Max Pyziur, research director for the Energy Policy Research Foundation, told Just The News there’s some wildcards that make estimations of future electricity consumption by data centers difficult to pin down with any precision.

For one thing, data centers have their own electricity backup. Often this is in the form of diesel generators, but some utilize batteries. Pyziur said that up to 40% of the square footage of a data center is allocated to backup generation. While these resources are only used intermittently, they will contribute to the resources available to satisfy demand.

The other factor that creates uncertainty is efficiency gains, Pyzuir explained. This includes the replacement of legacy copper lines with fiber optic cables, which accelerates the throughput rates of data. Also, legacy mechanical spinning hard drives are being replaced with solid state drives, which use less energy.

The last piece, Pyziur said, is the central processing units (CPU). These have gotten considerably faster, which means you need less of a footprint to process the same amount of data. “The bulk of electricity that’s used by a data center is by the CPUs. So we know that will be the next physical frontier that we have to master,” Pyziur said.

Between 2010 and 2023, data center power requirements, as a result of the growth in the number of data centers, grew by 168%, or just 4% annually, according to Pyziur’s and his colleagues’ research. In that time, however, the power usage effectiveness, which is an industry measure of efficiency, grew by 1,430%.

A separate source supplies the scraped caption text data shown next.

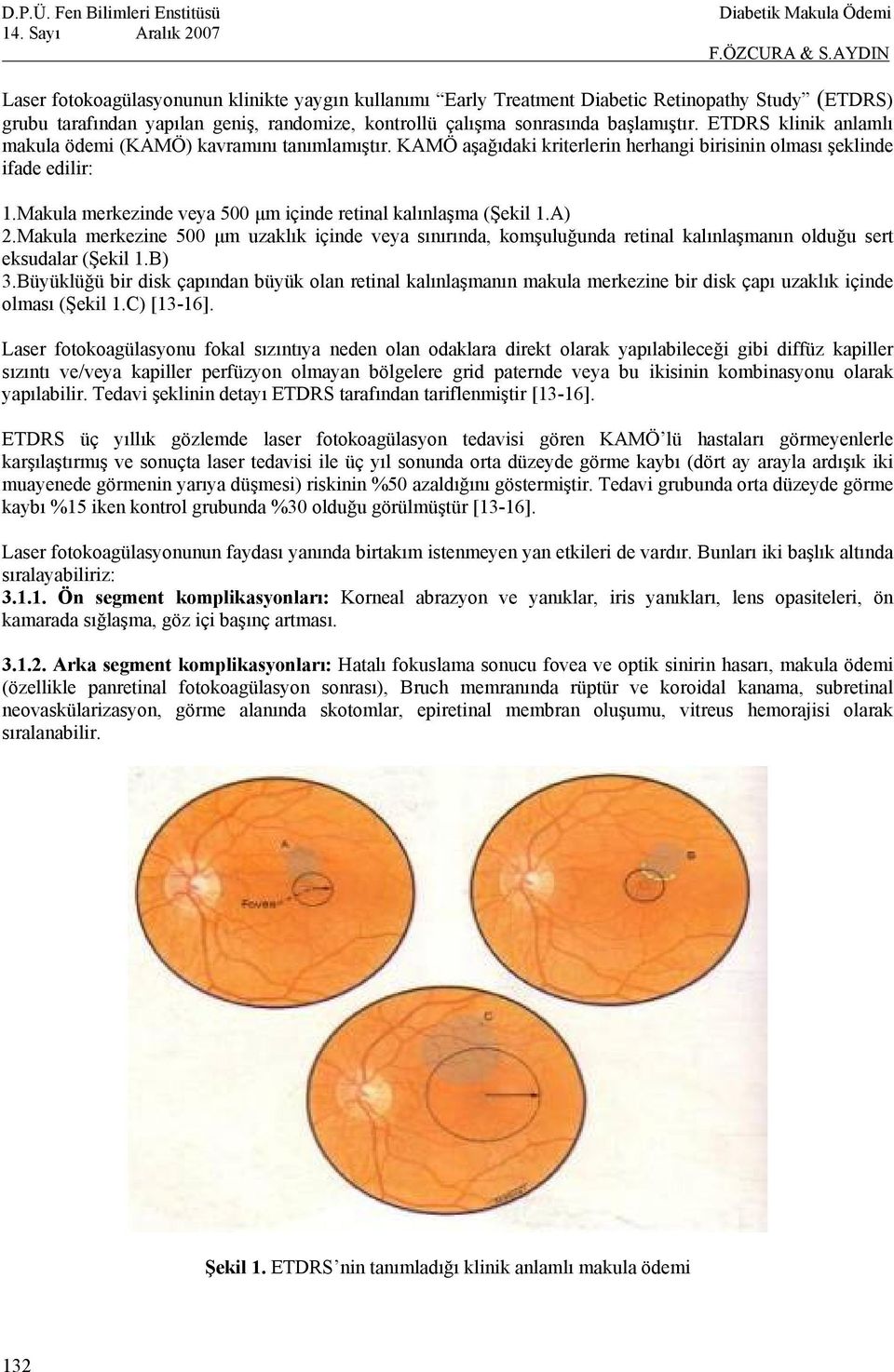 Makula merkezinde veya 500 µm içinde retinal kalınlaşma (Şekil 1.A) 2.Makula merkezine 500 µm uzaklık içinde veya sınırında, komşuluğunda retinal kalınlaşmanın olduğu sert eksudalar (Şekil 1.B) 3.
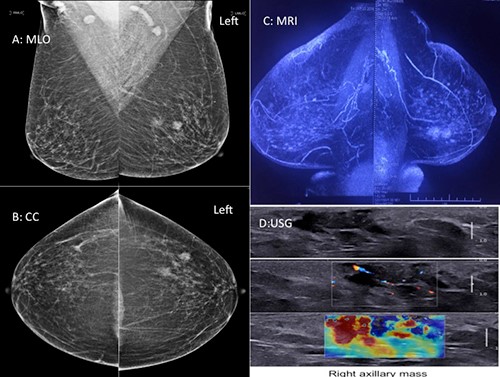 Bilateral Breast Cancer: Different In More Ways Than One | ACS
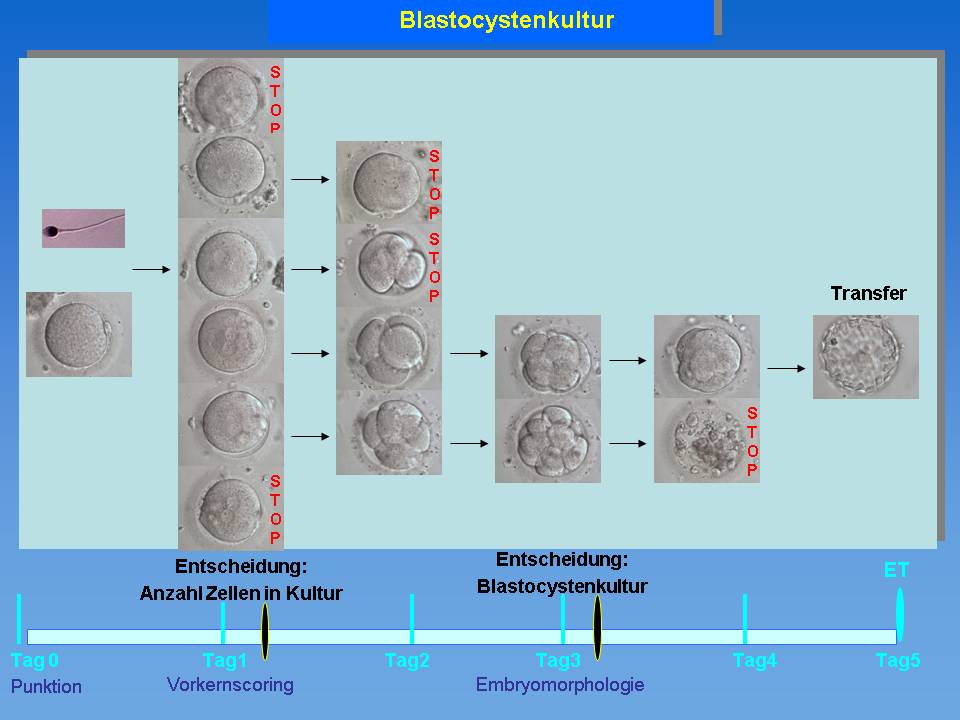 Blastozyste schaffen wie eizellen viele es zur Kinderwunschtage in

This has constrained some of the growth in electricity demand. Between 2010 and 2023, data center energy requirements globally grew from 0.43% of the electricity generated to 0.52%. During that period, the number of workload units, which is a measure of computational task, processes or data transactions, grew from 58 million to 821 million, an annual increase of 22.7%.

Whether or not efficiency gains will reduce or flatten energy requirements from data centers — or just slow the increase — could depend on what economists call the “rebound effect.” According to the Energy Policy Research Foundation, rather than promoting conservation and diminished usage of a technology, such as the internet, efficiencies lead to increased usage of the technology.